Before the latest EmpowerHack, Women Hack for Non-Profit organised a beginner coding workshop in Ruby and HTML for those attending the event from a non-tech background. This skill-sharing and commitment to open-source development is key to how this hackathon works, its founder argues.
"We're not looking for a hot topic, we're looking for the next topic," says Han Pham, co-founder of EmpowerHack. The projects they work on, she explains, focus on issues that are too complicated to respond to when millions of people are at risk. At the latest event, one team is challenged with designing a service to provide mental health support for volunteers in the field. Another asks how NGOs can process tens of thousands of missing and undocumented children. A third project looks at how to help refugees with chronic diseases that require repeat prescriptions.
EmpowerHack owes much of its success to collaboration; they have small and dedicated teams to address several vital issues. Each project is also linked to an NGO that is willing to back and use the technology that's created.
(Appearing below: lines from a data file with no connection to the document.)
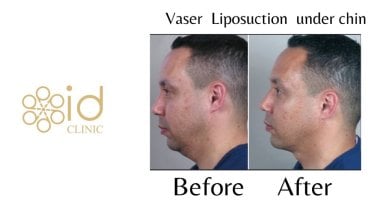 Antes y después de liposucción Vaser bajo la barbilla en ID Clinic Bangkok, contorno visible
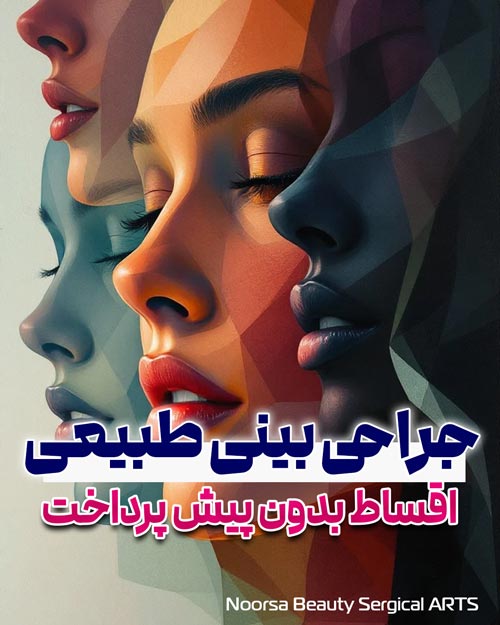 جراحی بینی اقساطی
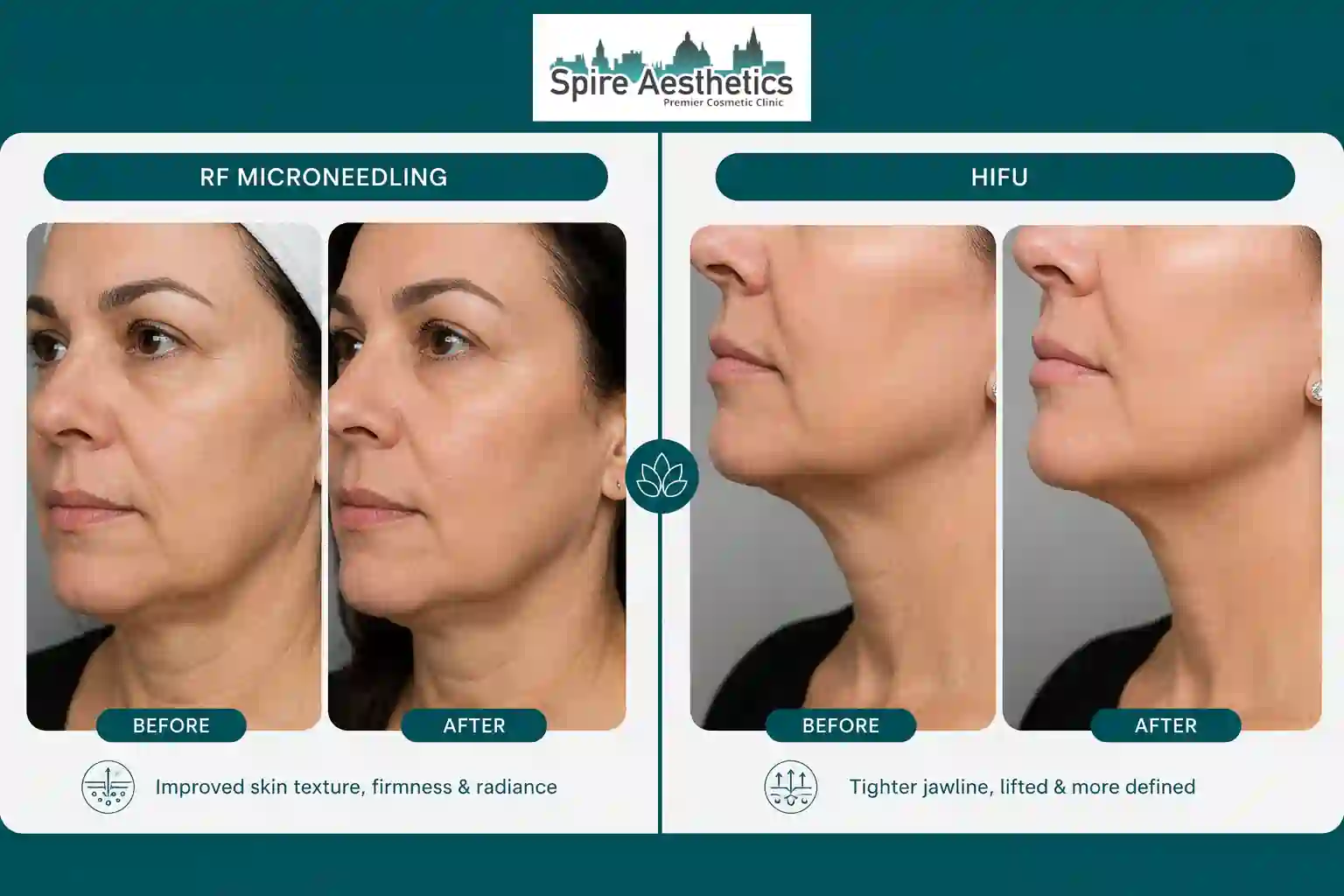 Can RF Microneedling and HIFU Be Combined Gosport?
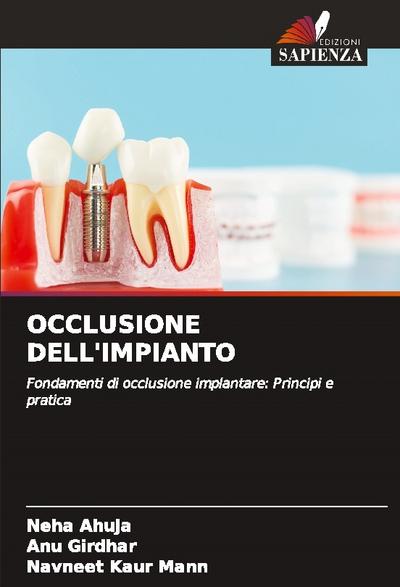 OCCLUSIONE DELL’IMPIANTO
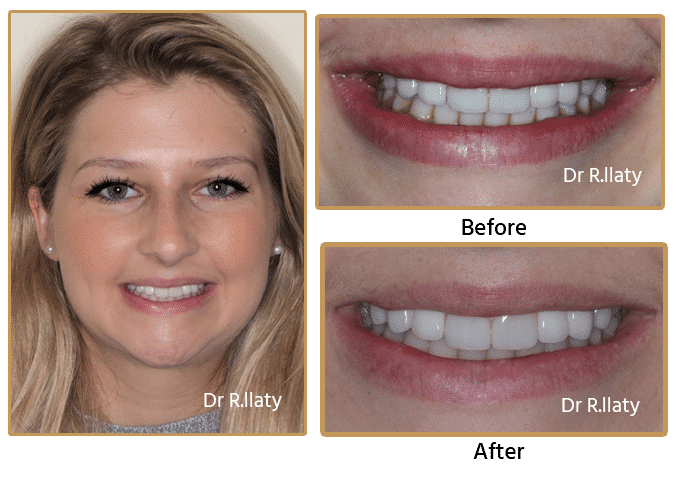  New Album of Surrey DentalSpa Surrey Dental Spa 421 London Road North Cheam Surrey, SM3 8JN - Photo 2 of 4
Most of the projects take existing ideas and designs and rework them for a different audience.
One app presently being developed is Soul Medicine, a smartphone app that sends an inspirational quote to refugees via SMS or WhatsApp. The designing of app comes with its unique problems; while 70 per cent of Syrian refugees have a smartphone, many are shared between one or two families. How do you design for multiple users? And might Soul Medicine's chosen quotes be too happy or too sad?
Hababy, a web app that provides prenatal and postnatal information for refugee women, came out of a previous EmpowerHack. One of its creators, Dr Hina Shahid, is now the clinical lead. "The concept came from the first hackathon in November," she says."The design challenge was inspired by my experiences in Lesvos – what I saw, and where the leads were. It's about taking pregnancy care forward."
"The web app has changed a lot – we're now targeting where we think we'll make the most difference, looking specifically at five red flags that pregnant women can face". Hababy is now hoping to integrate with Doctors of the World's Clinic Finder, which uses geo-location to find medical services for refugees.
No one can deny that Refugee crisis is too complex an issue to be solved with the click of a mouse, or by downloading an app; there might be way bigger ethical challenges that need to be addressed before. But at-least there is a glimmer of hope in what technology is doing. While governments are struggling to cope, the tech community is at least making an effort to ease the refugee's inevitable journey.